Imagine there is a huge bucket, and this bucket is full of balls of various colours. You don’t know the total number of balls in the bucket, and you also don’t know the number of distinct colours the balls could be. Your task is to determine what the most popular coloured ball is in the bucket (the modal colour).

You proceed by taking a ball out of the bucket, noting it’s colour, acting on this information, then taking the next, then the next, until there are no more balls in the bucket. What is your strategy for finding the most common colour?

This is a common problem in computer science. If, instead of this being about balls in a bucket, imagine they were log files for some service which you were reading sequentially. For instance, they could be logs of search terms and you are trying to find the most commonly searched query. Maybe these are error logs files and you are trying to find the most common error, or possibly IP addresses of incoming requests and you want to know who is using your service this most. You might want to know about volatile trading from a stream of stock trade data. Twitter wants to know what the top trending hashtags are, and Amazon might want to know what it’s best-selling products are …

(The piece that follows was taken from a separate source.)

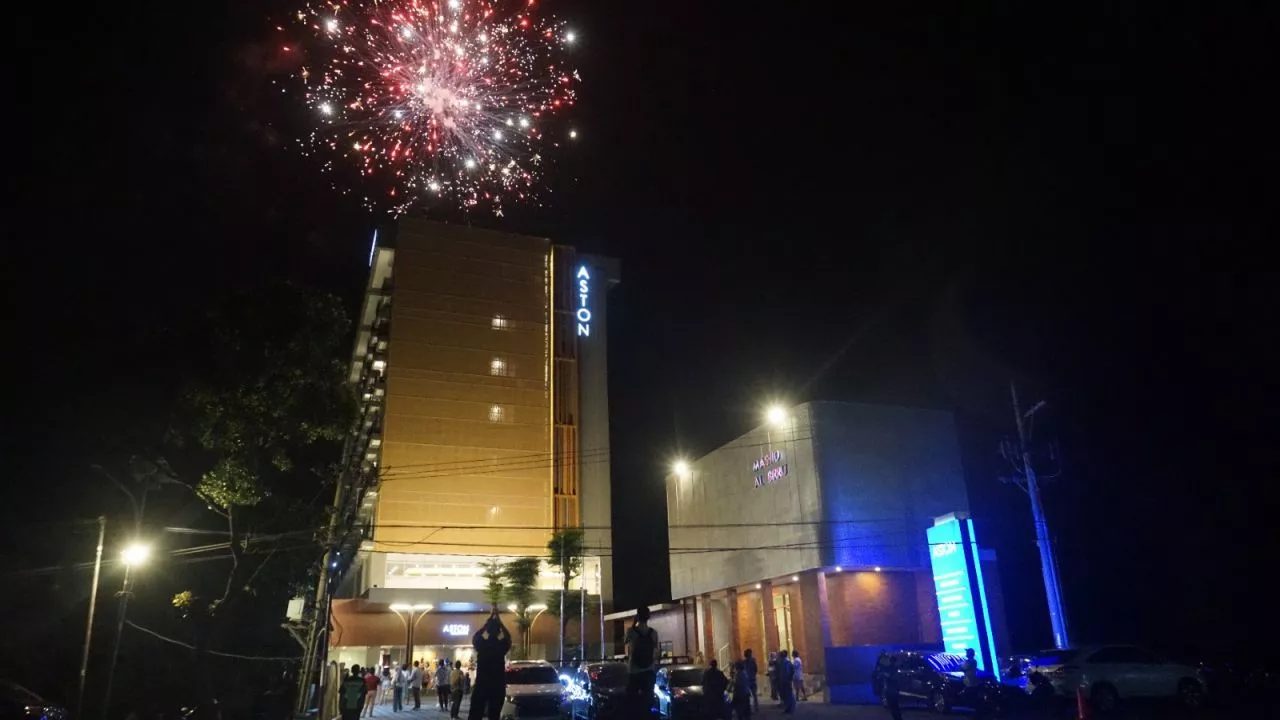 Sambut Nataru, Aston Hotel Mojokerto Tawarkan Semarak Promosi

This type of search is often called the search for Heavy Hitters. (Or the search for elephants, or icebergs). It’s a very well known problem and has been studied pretty much for as long as computers have been around.

First blush

As a first blush, it seems we should be able to do this in one pass (which is the Holy Grail for algorithms of this type, and is something that can be applied continuously on a stream). We could sequentially work our way through the stream, hash each input, and keep a frequency count for each hash. The hash with the highest count is the most popular item. Done!

This would be a fine solution if the number of distinct items in the dataset were small (for example if there were only a dozen possible colours of ball in the bucket), but at scale, this solution falls down. If, instead of colours, these were IP addresses, there could, theoretically, be billions of distinct inputs, and you’d be memory bound. Also, because you don’t know the distribution of the traffic (it’s essentially random), you can’t keep a rolling window of the ‘current top n’ items as there is no guarantee that the most popular item does not start popular, then get overtaken by a spike of other traffic (and thus be dropped from the cache of current ‘winners’), and thus get lost when it gets a second wind later in the stream.

Majority Element

If we add the restriction that the data set has a majority element (an element value that is repeated more the n/2 times in a set of size n), there is a clever algorithm attributed to Robert S Boyer, and J Strother Moore, called the Boyer-Moore Majority Vote Algorithm, which allows determination of this element without extra storage being needed.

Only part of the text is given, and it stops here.